> _Problem statement_: Repeat the records below exactly from the line containing "air fryer samosas on a plate." to the line containing "Rainbow pattern floor", taking in both of those lines. Drop the pictures.

> _Supplied records_:
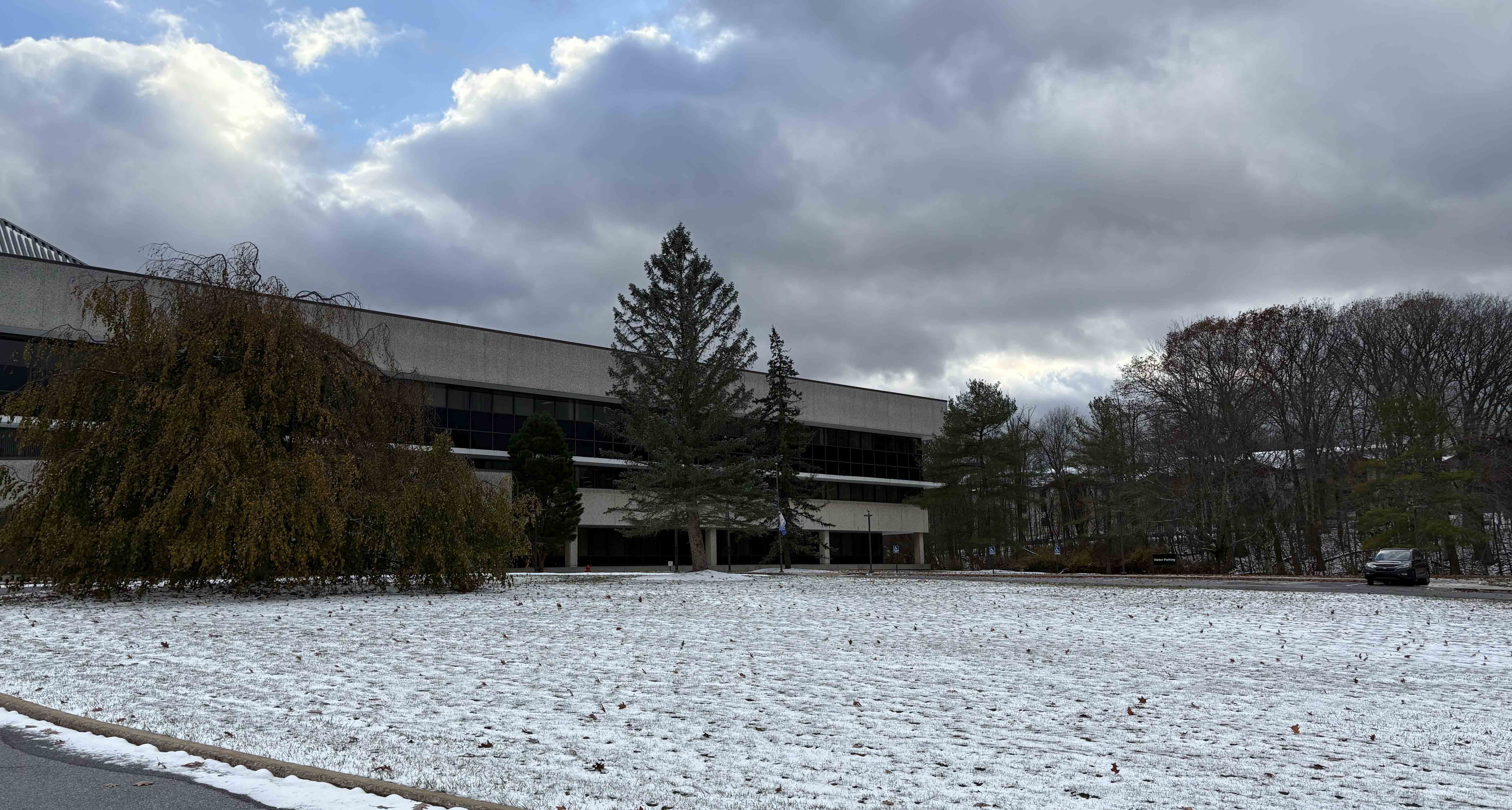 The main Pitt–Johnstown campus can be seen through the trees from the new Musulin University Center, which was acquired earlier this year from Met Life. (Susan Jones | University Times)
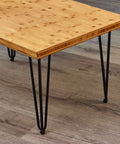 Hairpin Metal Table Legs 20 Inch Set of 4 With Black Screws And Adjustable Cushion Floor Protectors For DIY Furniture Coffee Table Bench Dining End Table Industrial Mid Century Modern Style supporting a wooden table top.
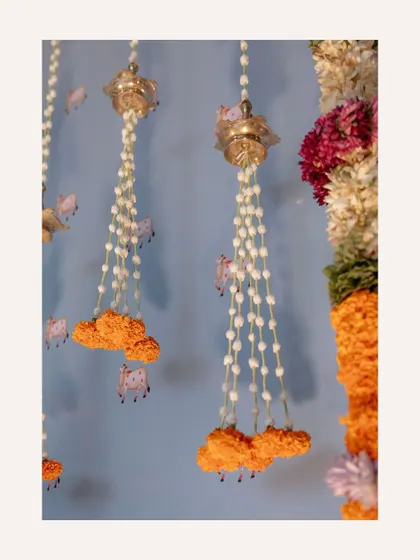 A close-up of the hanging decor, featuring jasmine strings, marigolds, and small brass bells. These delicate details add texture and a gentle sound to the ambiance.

--

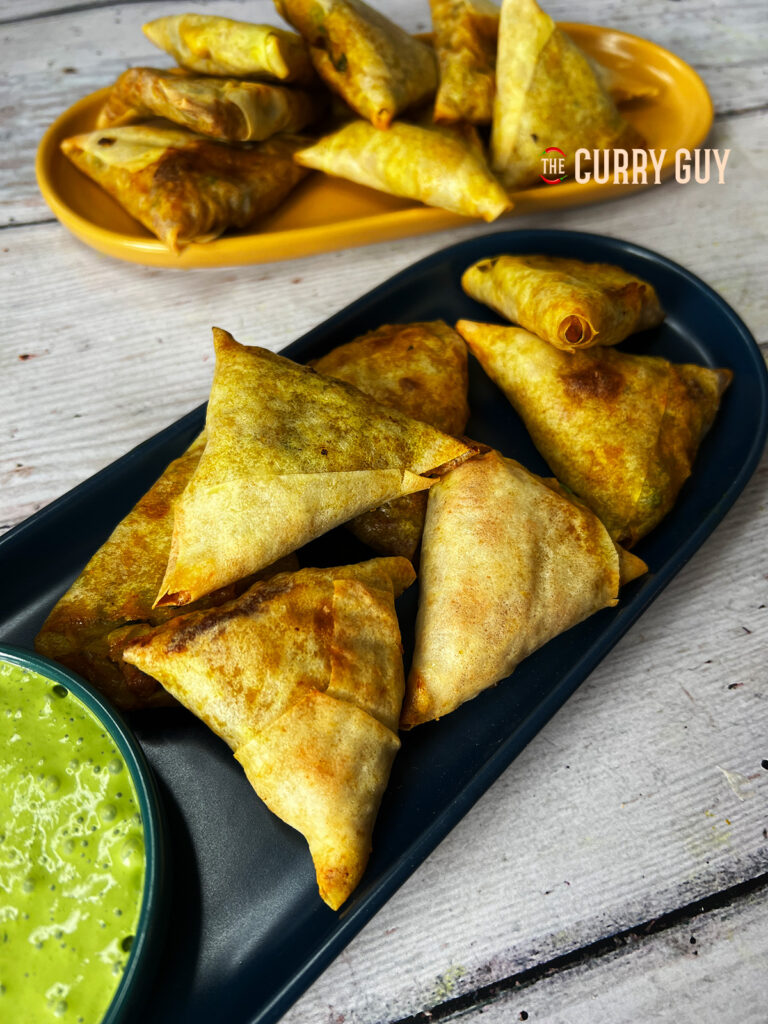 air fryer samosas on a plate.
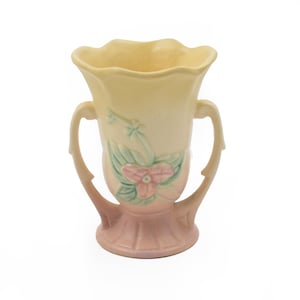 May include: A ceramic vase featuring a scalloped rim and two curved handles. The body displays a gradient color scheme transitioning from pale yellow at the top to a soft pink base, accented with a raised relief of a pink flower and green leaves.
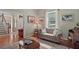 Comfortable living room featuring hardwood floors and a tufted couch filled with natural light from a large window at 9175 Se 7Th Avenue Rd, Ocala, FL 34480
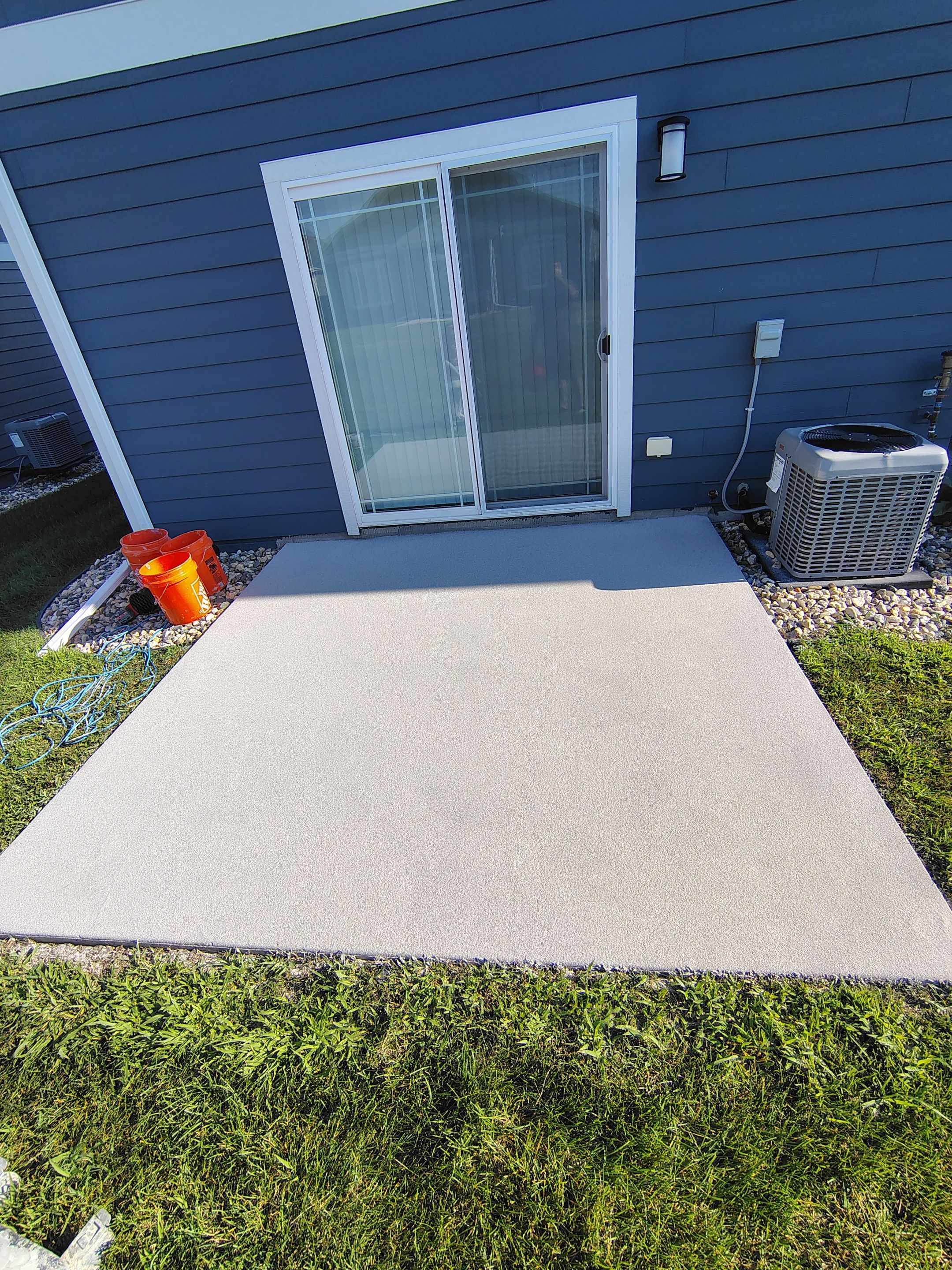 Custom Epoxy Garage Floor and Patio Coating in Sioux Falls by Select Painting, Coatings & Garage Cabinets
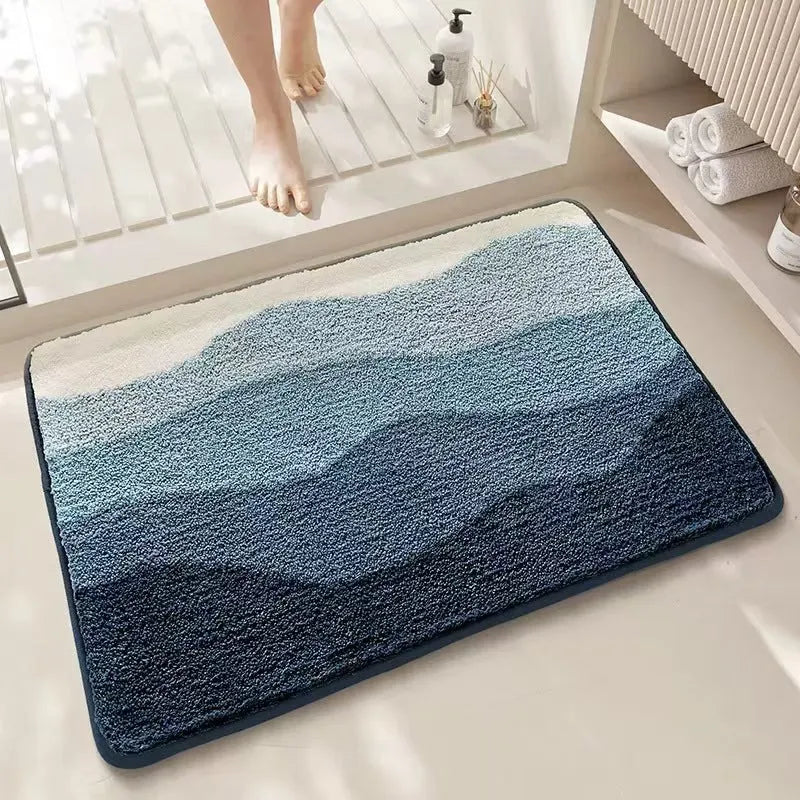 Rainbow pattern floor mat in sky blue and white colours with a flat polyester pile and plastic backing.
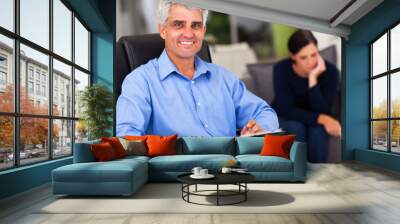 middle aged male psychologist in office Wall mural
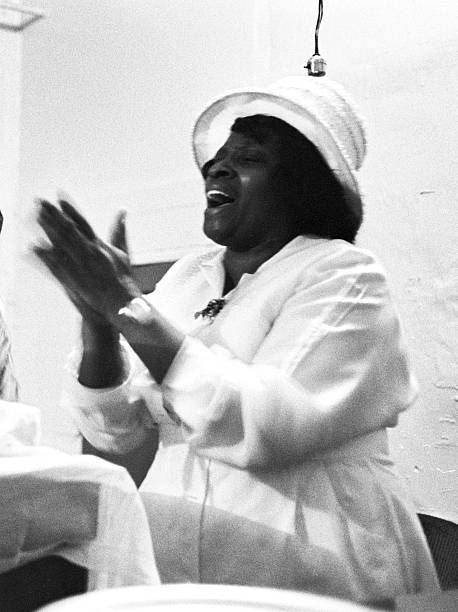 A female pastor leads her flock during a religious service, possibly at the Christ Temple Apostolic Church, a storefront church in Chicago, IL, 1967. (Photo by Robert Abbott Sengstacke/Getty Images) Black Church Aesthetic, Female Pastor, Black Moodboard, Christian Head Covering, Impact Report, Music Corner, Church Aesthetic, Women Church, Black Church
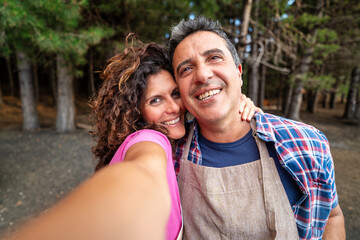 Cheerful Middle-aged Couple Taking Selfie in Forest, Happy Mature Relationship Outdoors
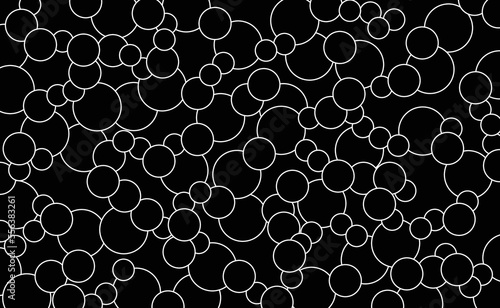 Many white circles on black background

==

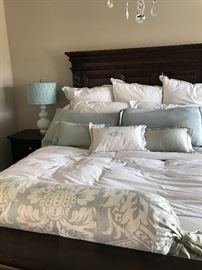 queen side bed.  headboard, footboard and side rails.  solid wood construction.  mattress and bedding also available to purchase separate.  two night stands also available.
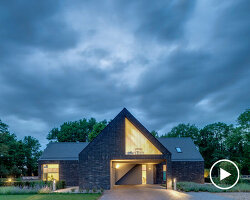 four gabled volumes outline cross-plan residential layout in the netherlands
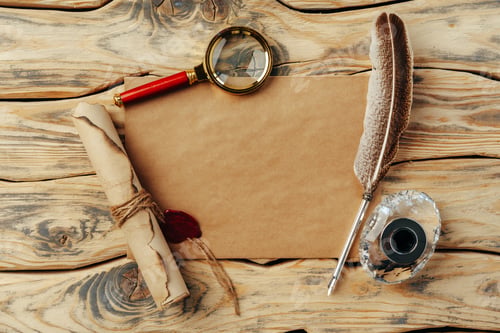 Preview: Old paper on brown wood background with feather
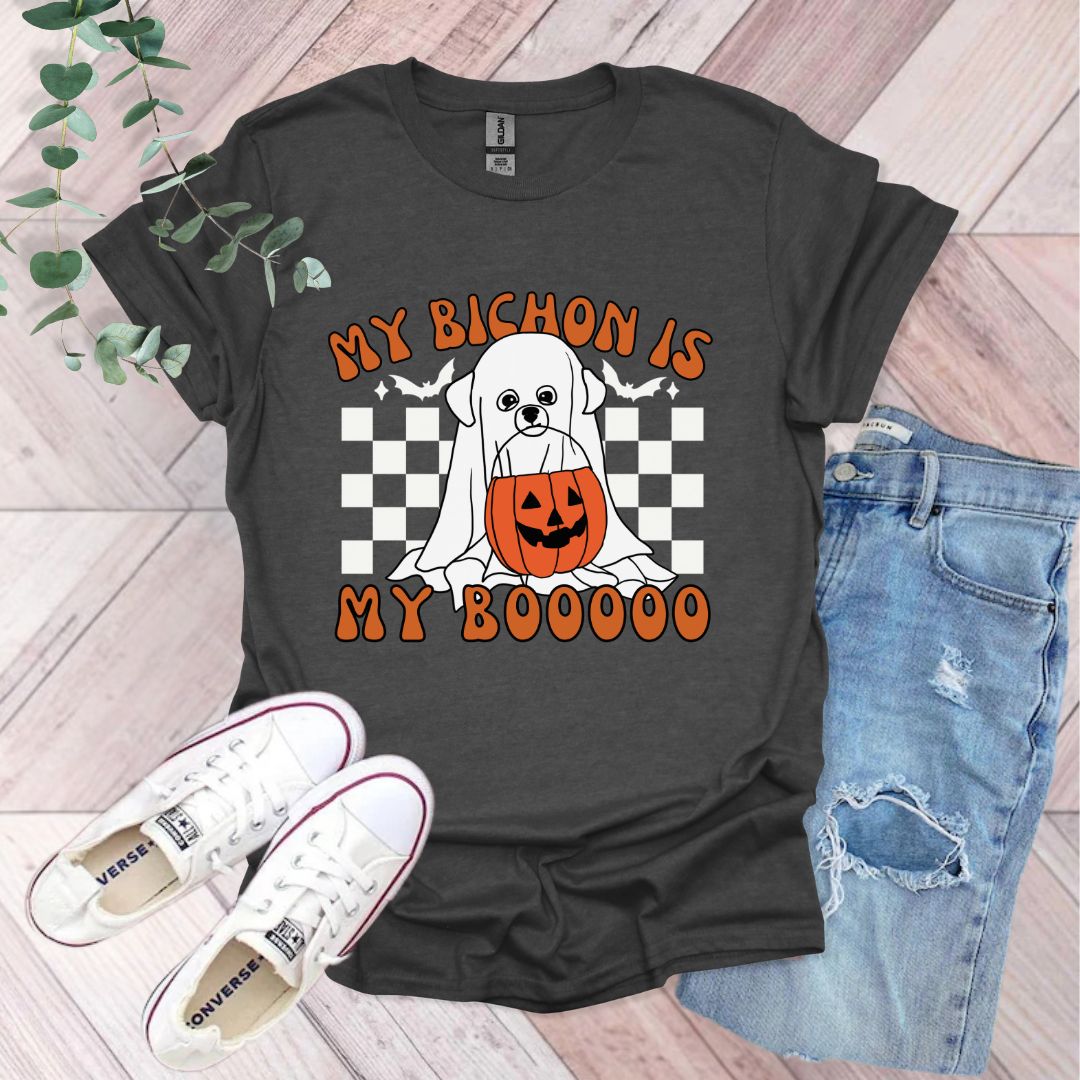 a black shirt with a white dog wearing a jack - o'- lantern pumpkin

> _Answer section_:
 air fryer samosas on a plate.
 May include: A ceramic vase featuring a scalloped rim and two curved handles. The body displays a gradient color scheme transitioning from pale yellow at the top to a soft pink base, accented with a raised relief of a pink flower and green leaves.
 Comfortable living room featuring hardwood floors and a tufted couch filled with natural light from a large window at 9175 Se 7Th Avenue Rd, Ocala, FL 34480
 Custom Epoxy Garage Floor and Patio Coating in Sioux Falls by Select Painting, Coatings & Garage Cabinets
 Rainbow pattern floor mat in sky blue and white colours with a flat polyester pile and plastic backing.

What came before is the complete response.